Oh, the glorious years of “defending spending glut” of the 1980s.

With a massive budget allocation, the US Army took the opportunity to develop a new type of helicopter that could scout dangerous enemy territories and, simultaneously, protect itself from attacks by being equipped with the necessary armaments. Thus, in the quest for building this “could do more with less” platform, they’ve launched the Light Helicopter Experimental (LHX) program.

The program also sought to replace the Army’s aging Bell OH-58 Kiowa and Hughes OH-6 Cayuse with more survivable capabilities that could evade its air- and surface-to-air attacks.
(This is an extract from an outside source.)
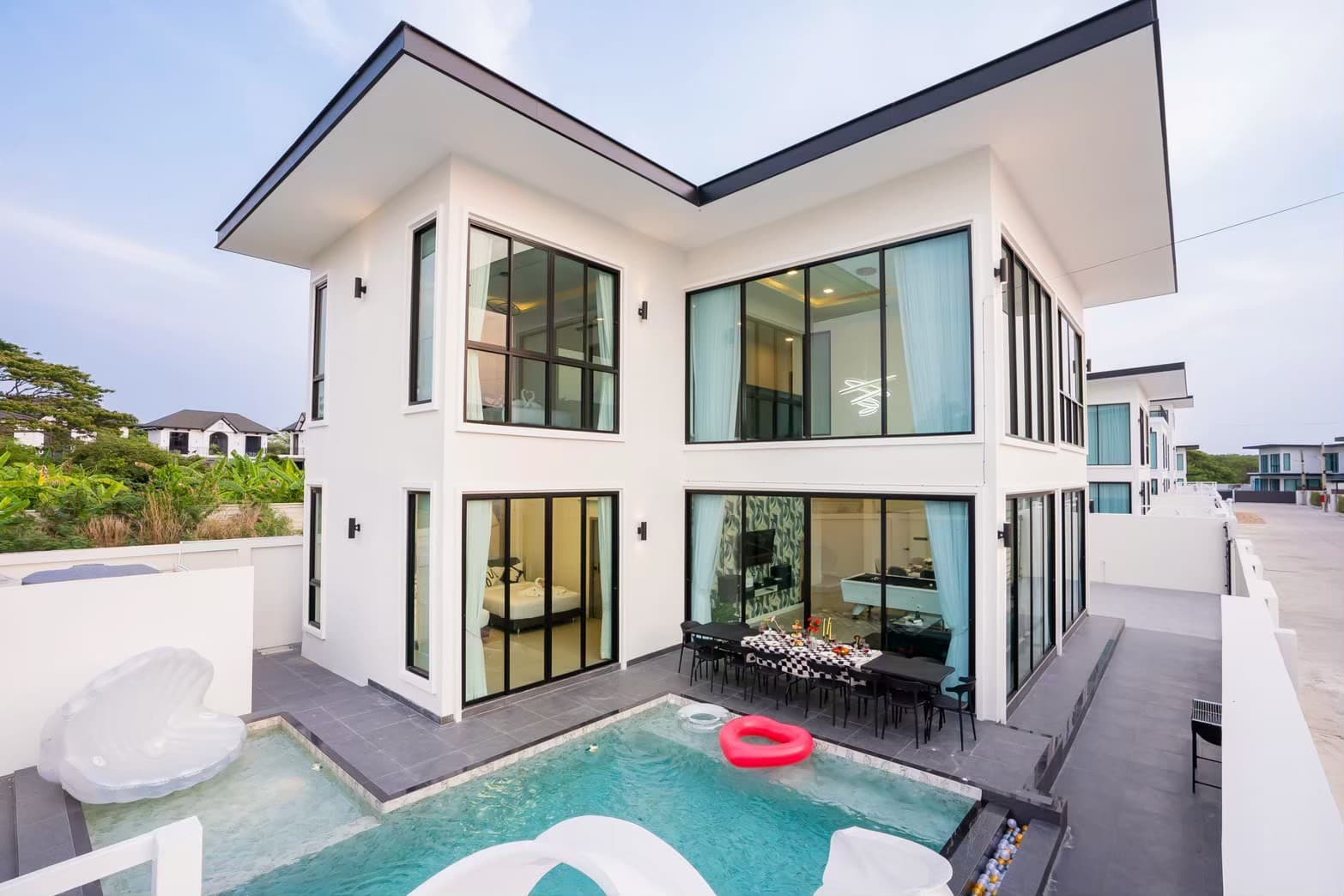 Viva Fun Pool Villa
Many manufacturers submitted their designs, but only the futuristic RAH-66 (Reconnaissance Attack Helicopter) by Boeing-Sikorsky made it through. They were awarded a whopping initial budget of about $3 billion in 1991 and were expected to deliver six prototypes, of which only two were produced.
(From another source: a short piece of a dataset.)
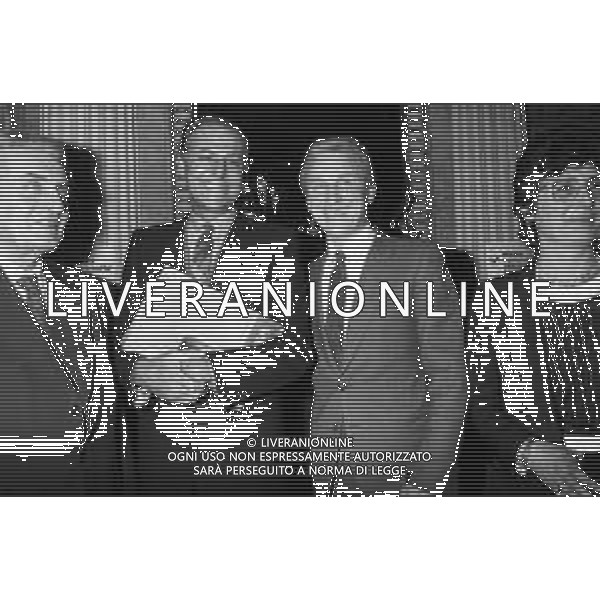 NEG- RETROSPETTIVA GIOVANNI TRAPATTONI ALLENATORE NELLA FOTO GIOVANNI TRAPATTONI A MILANO AL PREMIO PUNTUALITÀ’ VEGLIA BORLETTI CON RENZO ARBORE E VINCENZO TORRIANI AG ALDO LIVERANI SAS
In keeping with the Army tradition of naming helicopters for Native American tribes, the “Comanche” conformed to the design requirements of the Army to carry out both light attack and scouting roles, all while ensuring that it could evade and survive counterattacks. Its overall concept included sneaking undetected into enemy airspace and locating ground targets that could either be destroyed using its onboard weapons or neutralized using a more powerful helicopter like the AH-64 Apache, artillery, or close air support like the A-10 Thunderbolt II. The Comanche would be a set of electronic eyes data linked to other air and ground forces in real-time.

Since most of its missions involve extensive loitering near or past the front lines, exposing it to air and ground attack, the RAH-66 needed to be sneakier and quieter than its predecessor, there were a variety of methods employed to make the Comanche “stealthy” in the sense of the word in the 1980s.

This groundbreaking technology would eventually flourish on contemporary fixed-wing aircraft today like the Air Force’s F-35 Lightning. But at that time, stealth tech used in the RAH-66 , piqued the interest of the Army.

“To ensure decisive victory and a minimum loss of American lives, our fighting men and women must be equipped with state-of-the-art weapons that will give them an overwhelming advantage. The Comanche helicopters will provide the United States Army with that kind of advantage,” stated in its promotional film, circa late 1990 to early 2000s.